Kedatangan Kapolda Jawa Timur ke Pamekasan Disambut Aksi Demo

Korlap aksi, Taufiqurrahman (memegang megaphone) menyampaikan orasinya. (Foto: Mihari/Advokasi.co)

PAMEKASAN - Kedatangan Kepala Kepolisian Daerah (Kapolda) Jawa Timur (Jatim) lrjen Pol. Dr. Drs. H. Mohammad Fadil Imran, M.Si ke kantor Pengurus Cabang Nahdlatul Ulama (PCNU) Kabupaten Pamekasan disambut dengan aksi demonstrasi oleh sejumlah warga Nahdliyin di simpang tiga jalan kabupaten, tepatnya di depan SMKN 3 Pamekasan, Rabu (21/10/20).

Demonstrasi tersebut dalam rangka menuntut Kapolda Jawa Timur  Irjen Pol. Dr. Mohammad Fadil Imran, M.Si agar segera menangkap pemilik akun Muhammad Izzul dan mempertanyakan perkembangan kasus ujaran kebencian yang menimpa terhadap Ketua PCNU Pamekasan yakni KH. Taufiq Hasyim.

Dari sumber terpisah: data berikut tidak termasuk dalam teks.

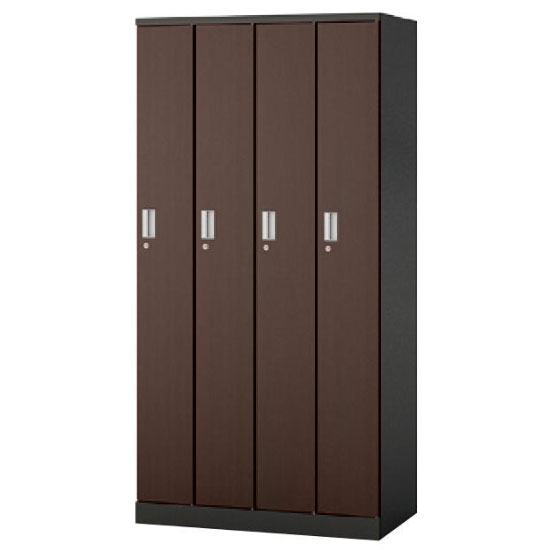 4人用ロッカー 3点ロック 内筒交換錠 ダークウォールナット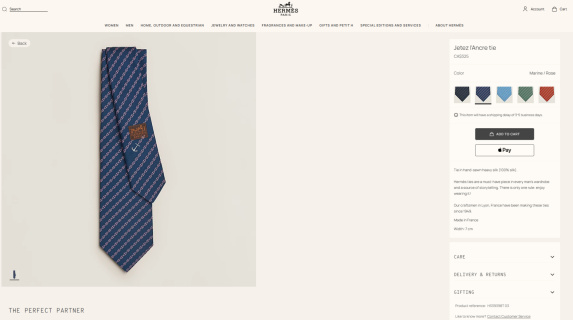 에르메스 넥타이 112264 Hermes Accessories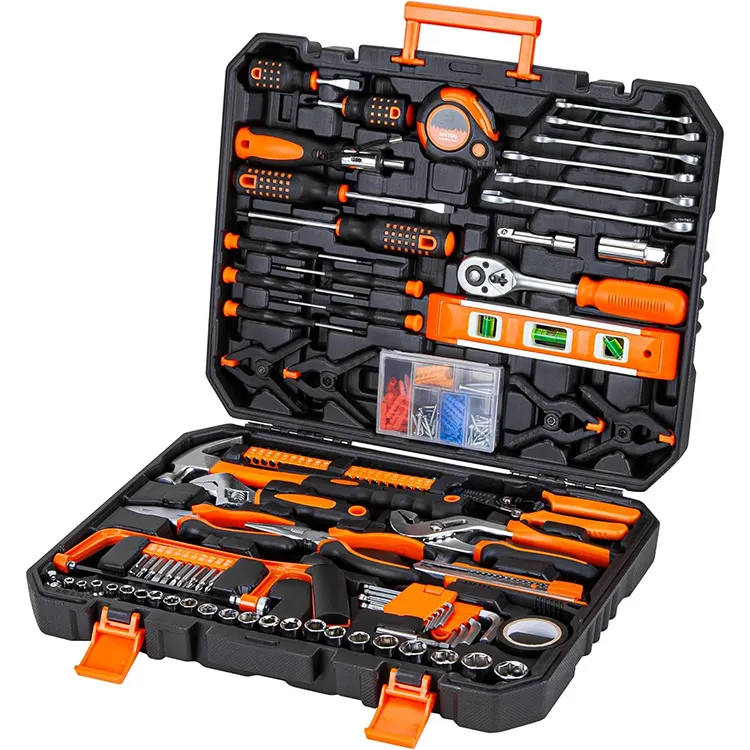 Juego de llaves de acero inoxidable profesional, kit de caja de herramientas con enchufe de garaje para taller mecánico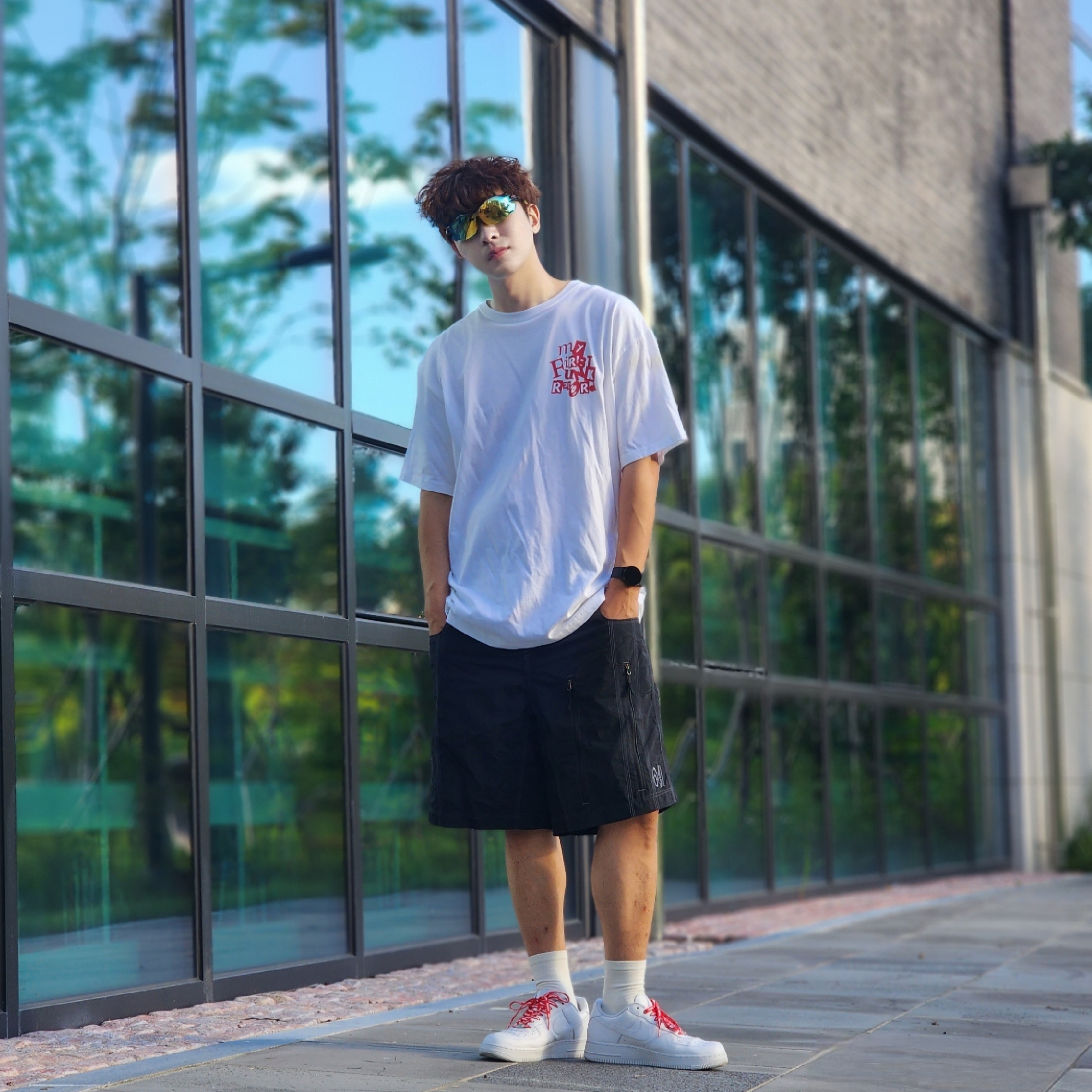 Nike x Supreme Air Force 1 Low White 착용 스타일 - 4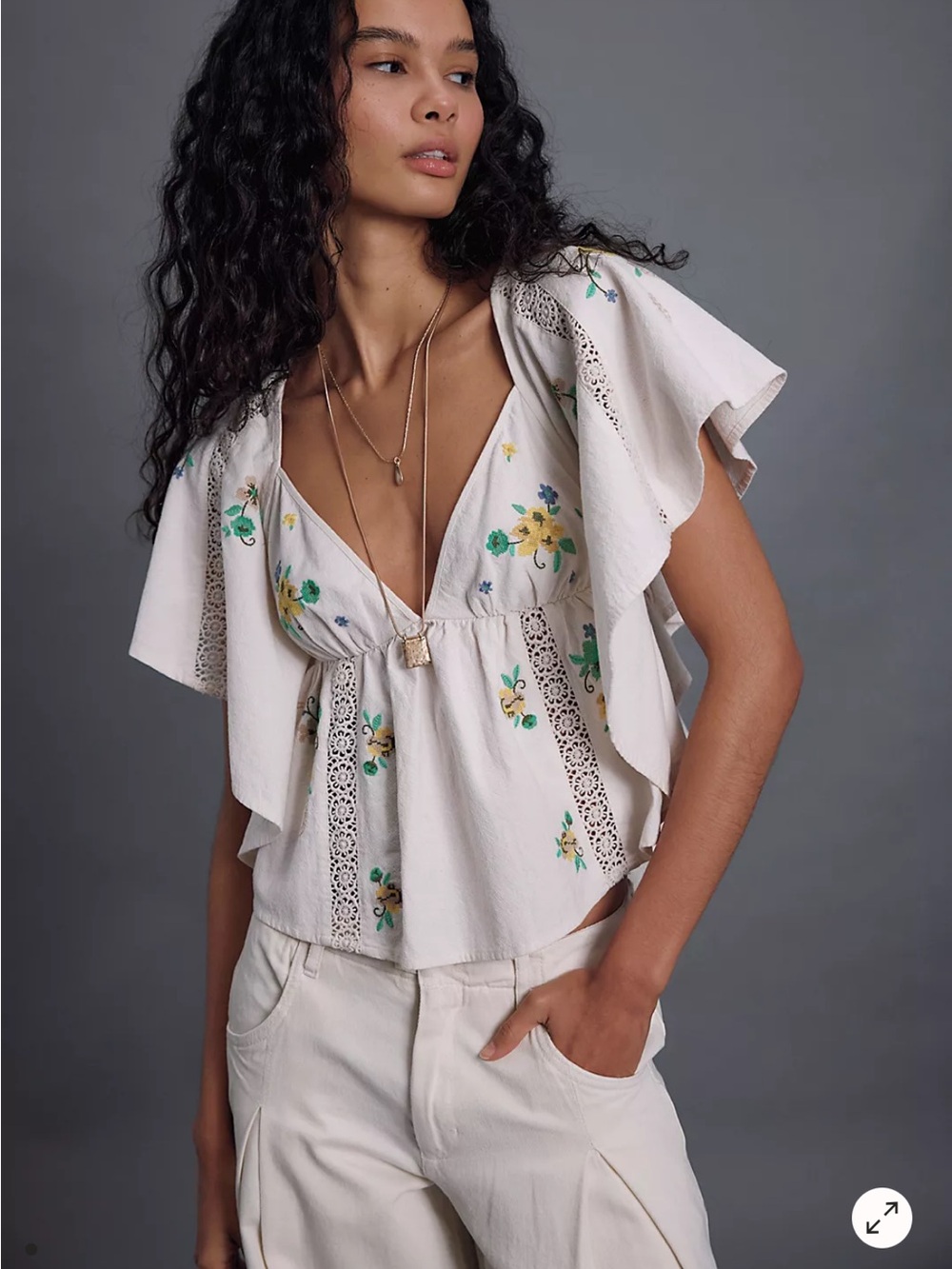Free People White Floral Embroidered Tie-Back Peasant Top - Picture 2 of 4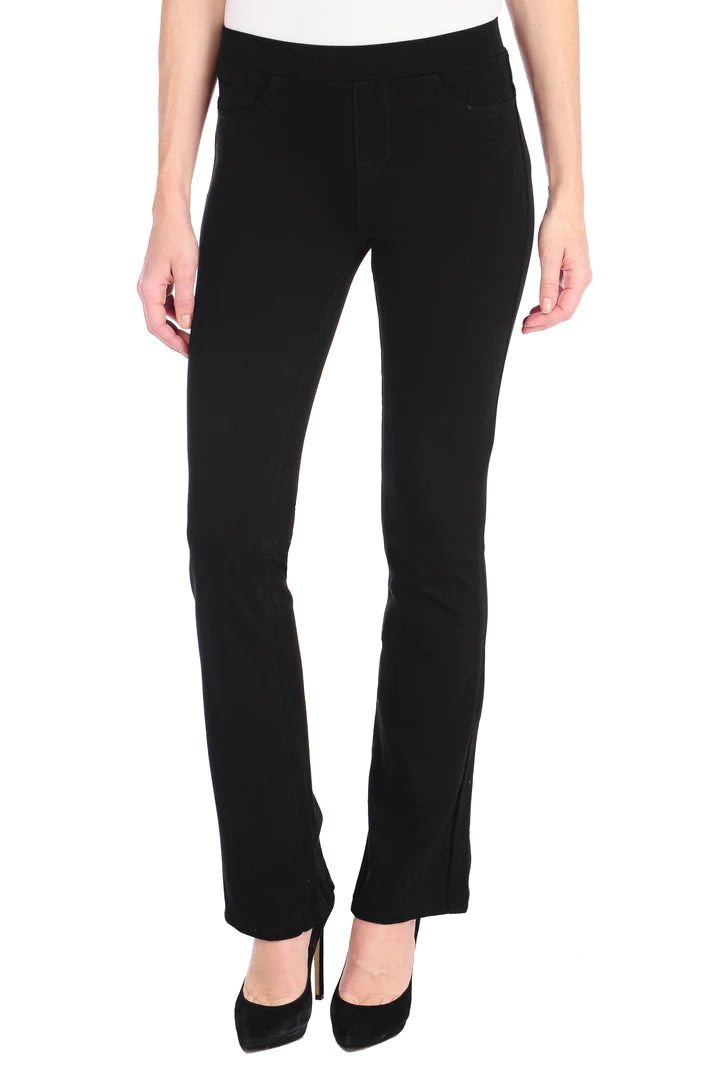 High Rise 5 Pocket Pull On Pant - Black by Tractr | 25 South Boutiques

"Ungkap dan tangkap Muhammad Izzul yang sudah menyebar kasus ujaran kebencian, sudah 18 hari pemilik akun Facebook Muhammad Izzul tidak segera ditangkap, padahal kasus ini sudah dilimpahkan ke Polda Jatim,” teriak korlap aksi, Taufiqurrahman.

Taufik menjelaskan, warga Nahdliyin sudah melakukan beberapa tahapan dengan pihak kepolisian. Mulai dari proses pelaporan, aksi demonstrasi sebanyak 13 ribu warga NU dan melakukan istigosah di halaman Mapolres Pamekasan.

"Kapolda Jawa Timur berjanji saat bersilaturahmi dengan Ulama Pamekasan, jika ada ulama yang dilecehkan. Maka dia akan mengusut tuntas. Tetapi, sampai saat ini tidak ada kepastian dari Kapolda,” ujarnya.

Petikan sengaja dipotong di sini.